--- To do ---
All of the data that follows is to be printed exactly, without pictures.

--- Input data ---
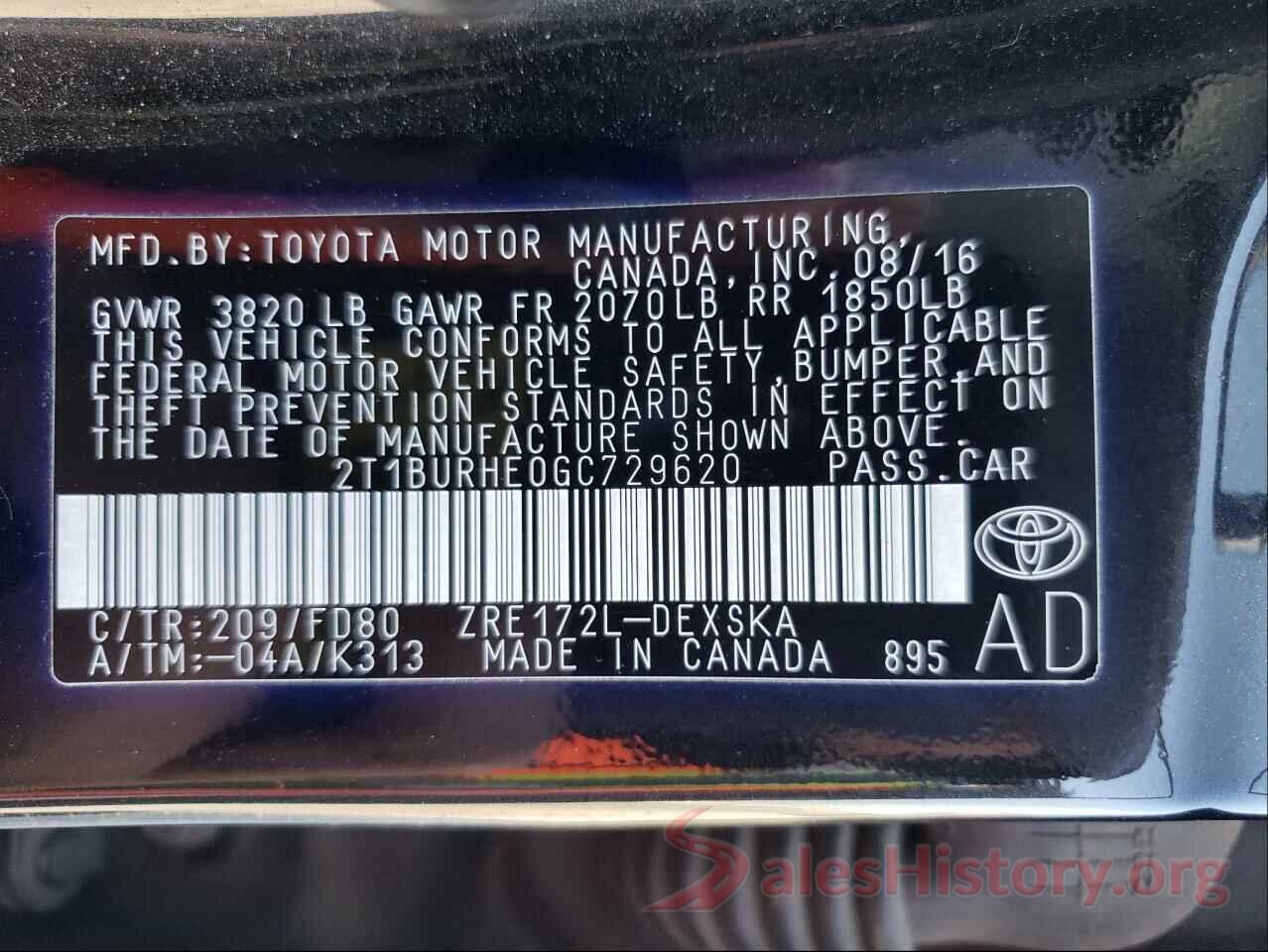 2T1BURHE0GC729620 2016 TOYOTA ALL OTHER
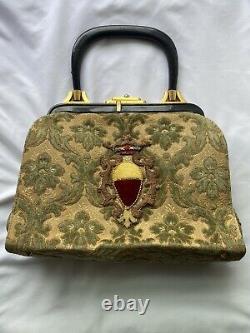 VTG Tapestry Handbag Velvet Crest Art Deco Hardware Suede Lining Leather Handle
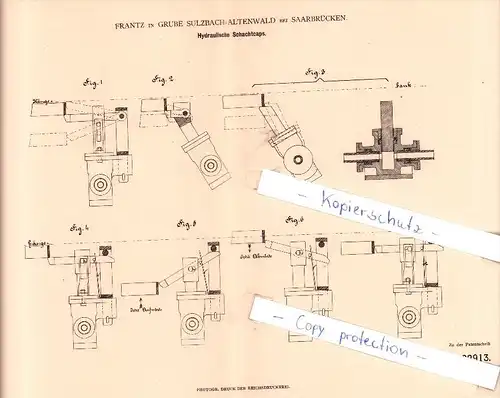 Original Patent - Frantz in Grube Sulzbach-Altenwald bei Saarbrücken , 1882 , Bergbau !!!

--- Answer section ---
 2T1BURHE0GC729620 2016 TOYOTA ALL OTHER
 VTG Tapestry Handbag Velvet Crest Art Deco Hardware Suede Lining Leather Handle
 Original Patent - Frantz in Grube Sulzbach-Altenwald bei Saarbrücken , 1882 , Bergbau !!!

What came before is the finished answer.